Each line below must be reproduced exactly, though the pictures are to be dropped.
══════════════════════════════
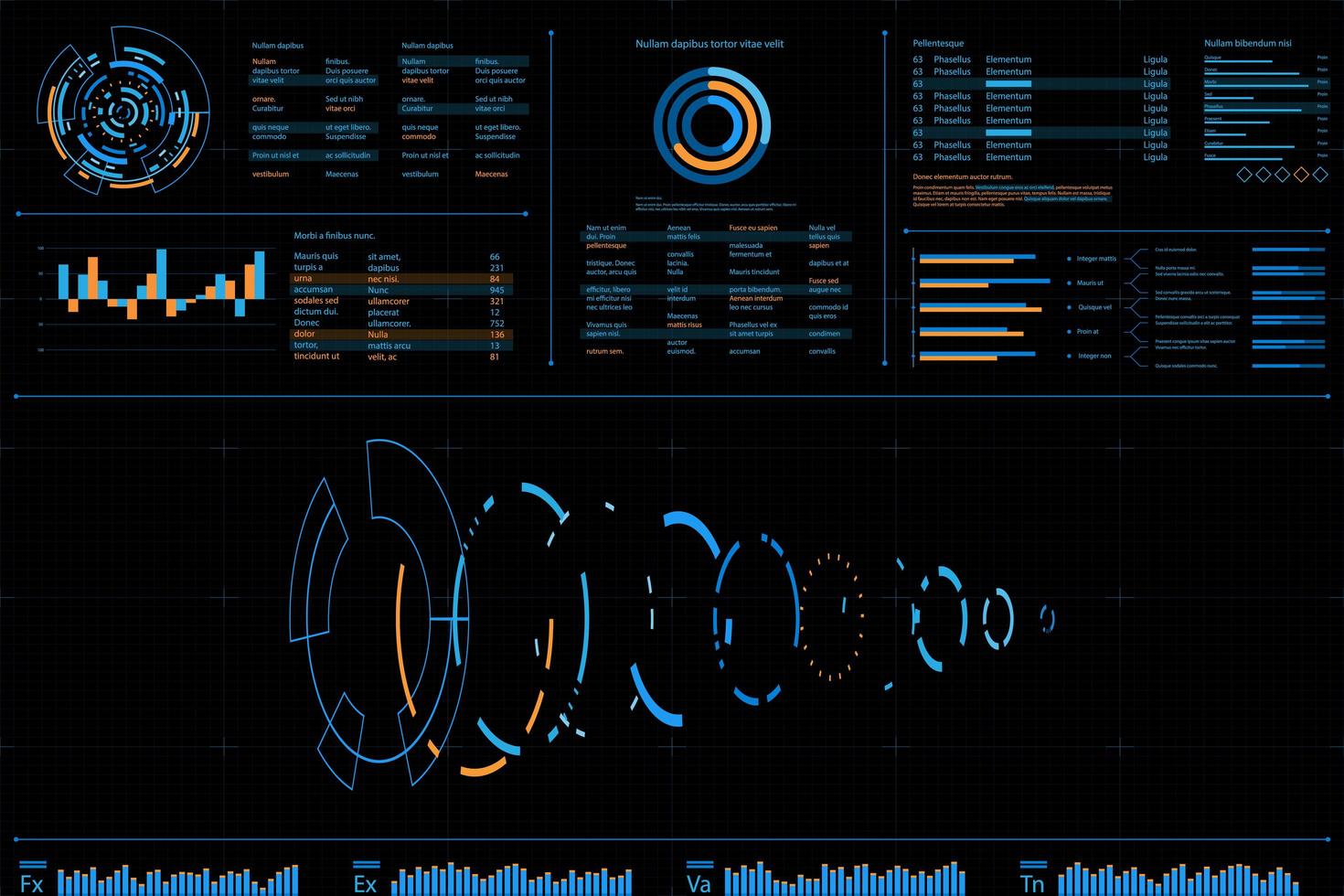 Futuristic Data dashboard with Spiral Design vector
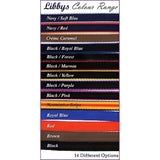 Libbys running martingale in solid and striped colors with 25mm webbing for small pony use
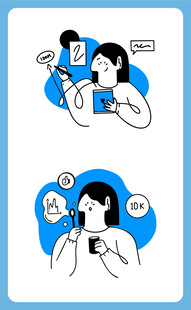 手机通话场景插画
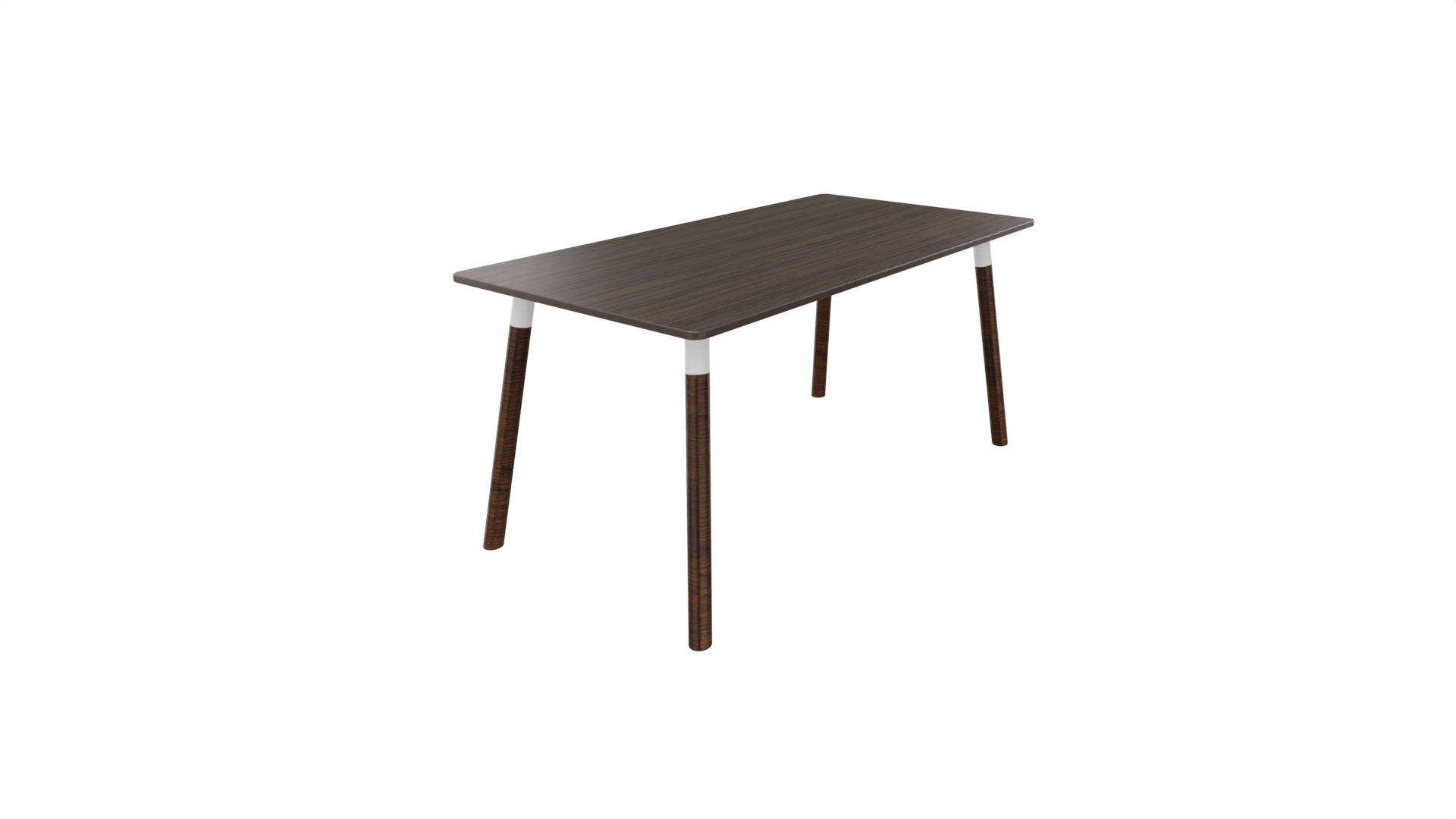 Tafel 8711 recht - 200 x 80 cm. - Wit - Eiken donker - Beuken wenge afbeelding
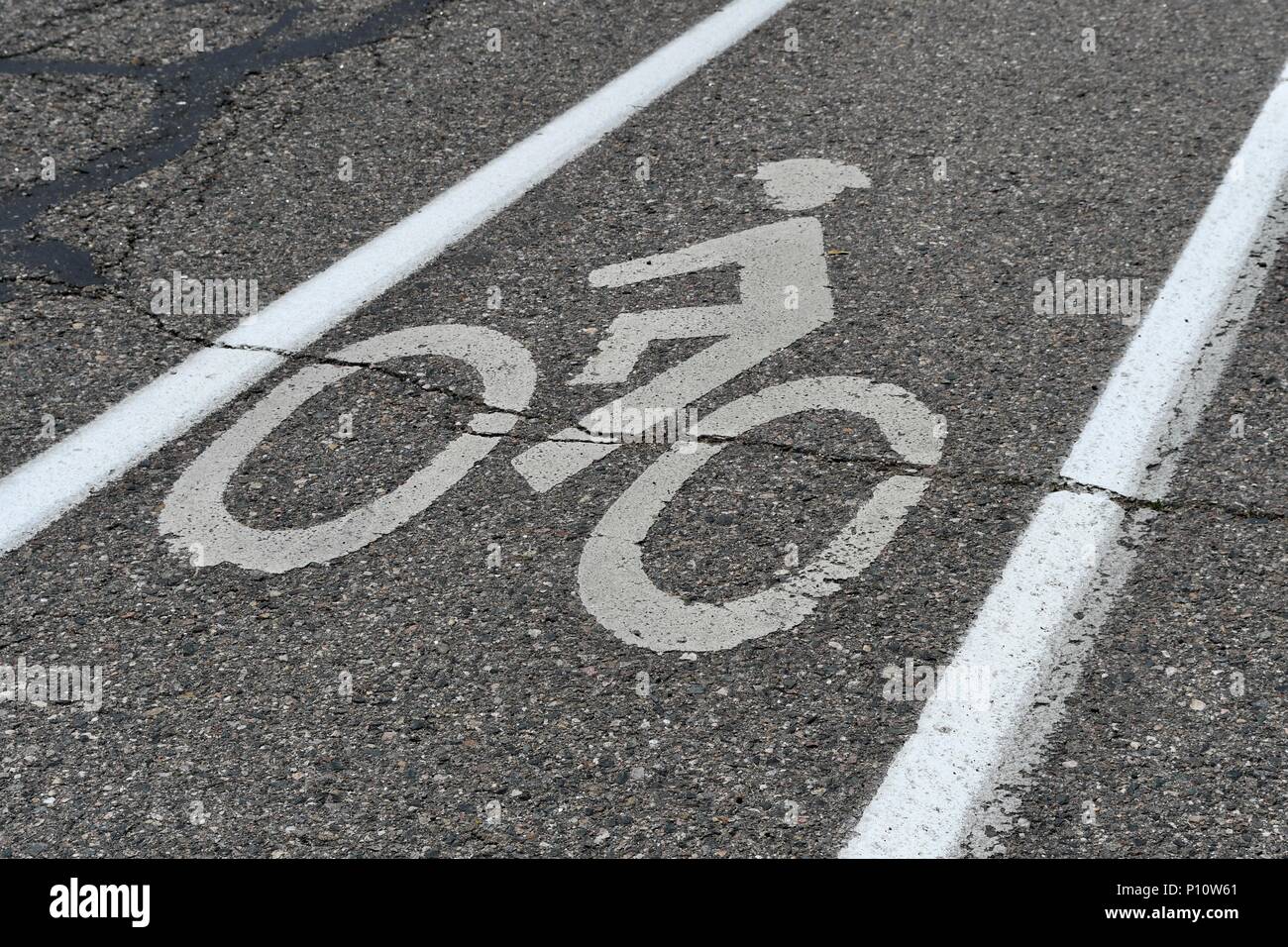 Fahrradroute Piktogramm auf Asphalt Stockfoto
══════════════════════════════
**ANSWER SECTION:**
 Futuristic Data dashboard with Spiral Design vector
 Libbys running martingale in solid and striped colors with 25mm webbing for small pony use
 手机通话场景插画
 Tafel 8711 recht - 200 x 80 cm. - Wit - Eiken donker - Beuken wenge afbeelding
 Fahrradroute Piktogramm auf Asphalt Stockfoto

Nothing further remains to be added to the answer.